While one of their shareholders has agreed to lend them $54 million, intended to aid Hanjin in their negotiating for unloading ships that are still in route to U.S. ports. Many ports have opted to deny Hanjin from port access until all of Hanjin’s port charges are paid in advance. Hanjin vessels are experiencing ad hoc decisions at ports around the world. Some ships are being seized by creditors, some are refused portage, and others are experiencing non-Hanjin cargo being unloaded as normal, while the Hanjin cargo is reloaded and refused attention.
As this bankruptcy impacts the Asia to US market, we are finding that many low price contracts are being over-looked in deference to higher priced FAK rated containers and shippers. This is resulting in an overall lack of organization and many ad hoc bookings and pricings. This has resulted in accurate information being difficult to find and manage.
At TOC Logistics, we are in constant contact with our clients and destination plants providing status updates, exploring our options, and making quick decisions to provide efficiency and transparency. Based on the commentary from market leaders and the legal commentary on the realities of this bankruptcy at a global level, it could be possible that access to a product could take as long as 60 days. It is TOC’s position to do everything possible to avoid that scenario, which has, so far, been successful due to our ability to work with our vested partners and ports authorities. As this situation is constantly evolving, the team at TOC is working hard to stay engaged with with our carriers to keep our clients’ supply chains as protected as possible.

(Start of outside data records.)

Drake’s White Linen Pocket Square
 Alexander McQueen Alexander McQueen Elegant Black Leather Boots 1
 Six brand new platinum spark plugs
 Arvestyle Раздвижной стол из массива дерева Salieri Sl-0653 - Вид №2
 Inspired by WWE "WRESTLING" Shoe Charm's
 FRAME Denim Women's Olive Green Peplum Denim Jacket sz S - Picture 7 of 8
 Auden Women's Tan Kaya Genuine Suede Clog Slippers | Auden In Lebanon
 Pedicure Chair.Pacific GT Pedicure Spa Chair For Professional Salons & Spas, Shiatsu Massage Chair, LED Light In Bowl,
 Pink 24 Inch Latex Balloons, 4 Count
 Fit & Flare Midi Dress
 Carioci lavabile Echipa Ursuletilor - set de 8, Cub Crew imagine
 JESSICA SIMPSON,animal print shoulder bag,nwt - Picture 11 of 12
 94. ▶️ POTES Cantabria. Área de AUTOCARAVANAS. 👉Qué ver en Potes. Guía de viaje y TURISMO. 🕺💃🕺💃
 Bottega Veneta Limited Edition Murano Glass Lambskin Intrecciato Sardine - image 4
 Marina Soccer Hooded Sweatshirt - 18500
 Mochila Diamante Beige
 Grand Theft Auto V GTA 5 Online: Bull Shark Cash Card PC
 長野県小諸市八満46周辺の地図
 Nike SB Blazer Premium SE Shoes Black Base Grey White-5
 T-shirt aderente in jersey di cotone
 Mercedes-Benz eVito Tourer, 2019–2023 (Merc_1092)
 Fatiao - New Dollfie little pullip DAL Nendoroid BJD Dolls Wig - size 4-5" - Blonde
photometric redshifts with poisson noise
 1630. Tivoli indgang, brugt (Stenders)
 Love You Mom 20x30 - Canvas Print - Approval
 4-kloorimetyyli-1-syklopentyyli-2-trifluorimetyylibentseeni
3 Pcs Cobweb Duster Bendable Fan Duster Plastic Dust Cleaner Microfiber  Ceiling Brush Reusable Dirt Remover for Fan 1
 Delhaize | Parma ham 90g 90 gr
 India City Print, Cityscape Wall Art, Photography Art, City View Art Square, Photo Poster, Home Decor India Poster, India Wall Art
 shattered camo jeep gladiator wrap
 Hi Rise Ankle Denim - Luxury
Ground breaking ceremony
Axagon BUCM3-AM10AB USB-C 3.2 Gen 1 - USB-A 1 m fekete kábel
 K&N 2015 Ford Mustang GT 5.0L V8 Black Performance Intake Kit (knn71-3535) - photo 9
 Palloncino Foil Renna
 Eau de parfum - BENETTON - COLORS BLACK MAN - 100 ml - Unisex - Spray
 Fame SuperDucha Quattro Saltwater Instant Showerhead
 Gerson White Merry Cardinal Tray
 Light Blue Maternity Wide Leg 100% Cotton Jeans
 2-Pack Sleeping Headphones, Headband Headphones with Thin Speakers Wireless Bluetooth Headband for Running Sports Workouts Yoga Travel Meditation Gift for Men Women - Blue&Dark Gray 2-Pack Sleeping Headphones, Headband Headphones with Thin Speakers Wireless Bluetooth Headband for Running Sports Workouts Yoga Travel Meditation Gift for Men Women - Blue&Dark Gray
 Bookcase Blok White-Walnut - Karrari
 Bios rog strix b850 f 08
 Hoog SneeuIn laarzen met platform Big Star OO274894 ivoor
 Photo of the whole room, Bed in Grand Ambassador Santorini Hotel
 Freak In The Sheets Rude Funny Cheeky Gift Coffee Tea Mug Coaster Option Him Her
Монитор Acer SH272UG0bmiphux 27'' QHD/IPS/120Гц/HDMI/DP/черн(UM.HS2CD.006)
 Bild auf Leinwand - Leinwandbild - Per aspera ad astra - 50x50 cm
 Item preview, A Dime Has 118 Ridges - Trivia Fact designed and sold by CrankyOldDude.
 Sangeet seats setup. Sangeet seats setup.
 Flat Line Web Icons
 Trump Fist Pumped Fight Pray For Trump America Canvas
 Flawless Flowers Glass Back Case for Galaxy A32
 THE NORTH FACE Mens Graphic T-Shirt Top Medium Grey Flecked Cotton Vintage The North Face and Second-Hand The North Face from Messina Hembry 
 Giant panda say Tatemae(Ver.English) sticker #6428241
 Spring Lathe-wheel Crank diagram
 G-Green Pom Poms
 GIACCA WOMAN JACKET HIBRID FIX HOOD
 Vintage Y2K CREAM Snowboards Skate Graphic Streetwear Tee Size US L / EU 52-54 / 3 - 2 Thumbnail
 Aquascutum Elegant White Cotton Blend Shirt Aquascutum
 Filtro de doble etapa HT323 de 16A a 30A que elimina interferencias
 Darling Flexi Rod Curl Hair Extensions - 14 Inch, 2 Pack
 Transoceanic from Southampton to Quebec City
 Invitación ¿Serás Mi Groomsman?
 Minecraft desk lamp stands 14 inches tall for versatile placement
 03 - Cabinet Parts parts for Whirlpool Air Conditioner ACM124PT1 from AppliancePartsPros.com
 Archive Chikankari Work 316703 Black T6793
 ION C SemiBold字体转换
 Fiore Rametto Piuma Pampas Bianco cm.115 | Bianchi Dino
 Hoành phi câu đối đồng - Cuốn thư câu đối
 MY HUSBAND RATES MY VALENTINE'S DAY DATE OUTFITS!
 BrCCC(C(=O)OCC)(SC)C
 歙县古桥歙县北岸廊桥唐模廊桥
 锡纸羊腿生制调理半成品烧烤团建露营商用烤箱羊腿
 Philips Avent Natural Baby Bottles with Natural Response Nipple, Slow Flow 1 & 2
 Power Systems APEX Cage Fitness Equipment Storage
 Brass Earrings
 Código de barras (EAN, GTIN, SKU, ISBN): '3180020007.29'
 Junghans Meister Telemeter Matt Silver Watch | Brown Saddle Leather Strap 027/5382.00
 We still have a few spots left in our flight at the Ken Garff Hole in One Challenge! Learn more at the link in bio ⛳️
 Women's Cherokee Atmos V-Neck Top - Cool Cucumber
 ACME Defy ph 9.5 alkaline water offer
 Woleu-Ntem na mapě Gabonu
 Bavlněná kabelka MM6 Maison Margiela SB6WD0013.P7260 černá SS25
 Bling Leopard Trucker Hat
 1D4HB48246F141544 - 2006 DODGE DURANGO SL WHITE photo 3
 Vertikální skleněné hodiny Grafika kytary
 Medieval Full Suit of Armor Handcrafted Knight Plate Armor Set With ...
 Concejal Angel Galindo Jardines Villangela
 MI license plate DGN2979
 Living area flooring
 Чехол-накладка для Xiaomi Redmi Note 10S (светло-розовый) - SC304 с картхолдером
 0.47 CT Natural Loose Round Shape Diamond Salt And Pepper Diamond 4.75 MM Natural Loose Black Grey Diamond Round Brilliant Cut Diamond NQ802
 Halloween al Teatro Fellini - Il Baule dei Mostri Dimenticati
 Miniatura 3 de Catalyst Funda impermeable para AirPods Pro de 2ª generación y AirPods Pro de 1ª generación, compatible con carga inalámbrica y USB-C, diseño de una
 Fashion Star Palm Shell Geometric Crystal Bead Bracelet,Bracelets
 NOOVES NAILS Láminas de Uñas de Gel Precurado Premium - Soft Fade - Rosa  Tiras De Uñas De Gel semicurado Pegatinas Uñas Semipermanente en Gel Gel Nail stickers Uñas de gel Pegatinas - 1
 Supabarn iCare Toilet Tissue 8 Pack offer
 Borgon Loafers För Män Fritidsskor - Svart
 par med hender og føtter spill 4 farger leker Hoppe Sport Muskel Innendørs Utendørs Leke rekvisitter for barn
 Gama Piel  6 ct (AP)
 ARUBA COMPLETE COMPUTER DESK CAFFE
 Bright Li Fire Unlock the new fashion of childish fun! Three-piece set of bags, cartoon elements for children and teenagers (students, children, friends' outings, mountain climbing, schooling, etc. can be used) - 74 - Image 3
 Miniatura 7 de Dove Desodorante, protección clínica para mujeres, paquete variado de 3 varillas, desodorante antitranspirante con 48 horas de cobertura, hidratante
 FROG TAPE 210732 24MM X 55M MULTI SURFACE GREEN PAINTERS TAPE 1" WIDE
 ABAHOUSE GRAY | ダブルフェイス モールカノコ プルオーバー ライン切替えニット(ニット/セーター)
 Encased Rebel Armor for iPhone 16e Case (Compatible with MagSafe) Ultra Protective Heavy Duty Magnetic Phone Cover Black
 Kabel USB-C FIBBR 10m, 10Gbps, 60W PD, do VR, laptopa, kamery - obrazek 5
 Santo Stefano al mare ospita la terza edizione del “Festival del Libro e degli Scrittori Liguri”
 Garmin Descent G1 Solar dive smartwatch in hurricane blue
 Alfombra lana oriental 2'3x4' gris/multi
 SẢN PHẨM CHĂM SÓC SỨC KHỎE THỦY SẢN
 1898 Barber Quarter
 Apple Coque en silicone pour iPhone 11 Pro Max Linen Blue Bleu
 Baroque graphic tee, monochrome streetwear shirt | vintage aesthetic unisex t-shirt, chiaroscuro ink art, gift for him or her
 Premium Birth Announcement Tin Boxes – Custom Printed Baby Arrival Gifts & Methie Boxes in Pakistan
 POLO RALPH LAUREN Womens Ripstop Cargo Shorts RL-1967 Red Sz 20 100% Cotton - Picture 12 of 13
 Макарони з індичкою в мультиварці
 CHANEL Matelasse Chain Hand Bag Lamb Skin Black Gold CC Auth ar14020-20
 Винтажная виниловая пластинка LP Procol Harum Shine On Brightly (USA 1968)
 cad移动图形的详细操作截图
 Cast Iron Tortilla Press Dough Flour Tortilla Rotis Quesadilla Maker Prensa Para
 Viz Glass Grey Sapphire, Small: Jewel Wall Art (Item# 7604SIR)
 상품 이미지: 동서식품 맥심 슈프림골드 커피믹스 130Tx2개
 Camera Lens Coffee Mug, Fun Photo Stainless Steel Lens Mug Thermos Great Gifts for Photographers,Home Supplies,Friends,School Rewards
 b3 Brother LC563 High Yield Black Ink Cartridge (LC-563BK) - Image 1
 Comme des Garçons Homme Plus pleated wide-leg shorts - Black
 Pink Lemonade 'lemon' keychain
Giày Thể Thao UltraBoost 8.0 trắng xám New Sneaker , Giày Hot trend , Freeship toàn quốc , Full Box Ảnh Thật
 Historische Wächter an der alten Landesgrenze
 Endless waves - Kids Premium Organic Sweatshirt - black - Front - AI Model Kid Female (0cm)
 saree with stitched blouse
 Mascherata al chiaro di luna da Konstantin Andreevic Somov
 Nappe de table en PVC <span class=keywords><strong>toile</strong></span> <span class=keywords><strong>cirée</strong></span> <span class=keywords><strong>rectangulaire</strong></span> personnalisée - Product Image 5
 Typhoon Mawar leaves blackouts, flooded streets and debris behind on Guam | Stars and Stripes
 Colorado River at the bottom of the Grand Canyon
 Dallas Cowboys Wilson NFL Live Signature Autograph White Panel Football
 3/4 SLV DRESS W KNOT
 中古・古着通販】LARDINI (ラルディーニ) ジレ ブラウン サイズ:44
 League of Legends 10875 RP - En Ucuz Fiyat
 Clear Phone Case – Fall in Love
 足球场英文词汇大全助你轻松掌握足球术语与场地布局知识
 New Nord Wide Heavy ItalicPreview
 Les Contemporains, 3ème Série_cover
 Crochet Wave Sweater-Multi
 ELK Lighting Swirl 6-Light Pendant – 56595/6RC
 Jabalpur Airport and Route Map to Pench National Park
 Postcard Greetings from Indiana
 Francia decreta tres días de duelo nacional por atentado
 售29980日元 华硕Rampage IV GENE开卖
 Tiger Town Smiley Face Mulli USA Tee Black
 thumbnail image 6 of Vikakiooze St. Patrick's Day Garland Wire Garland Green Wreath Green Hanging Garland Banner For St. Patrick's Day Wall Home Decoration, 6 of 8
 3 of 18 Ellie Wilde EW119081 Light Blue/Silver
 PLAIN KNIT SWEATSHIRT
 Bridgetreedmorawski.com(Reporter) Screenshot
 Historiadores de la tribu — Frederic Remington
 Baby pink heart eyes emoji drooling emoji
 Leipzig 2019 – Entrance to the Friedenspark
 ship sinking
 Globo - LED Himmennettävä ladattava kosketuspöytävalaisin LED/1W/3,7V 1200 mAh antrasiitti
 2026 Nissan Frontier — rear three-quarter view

During this time, TOC recommends that all impacted parties stay in contact and engage with their account representative to keep communication pathways open for creating flexible solutions to potential problems. There are many alternative methods and modes available, and logistics organizations throughout the world are working diligently to protect their clients and help clear out the logjam that the Hanjin bankruptcy has created.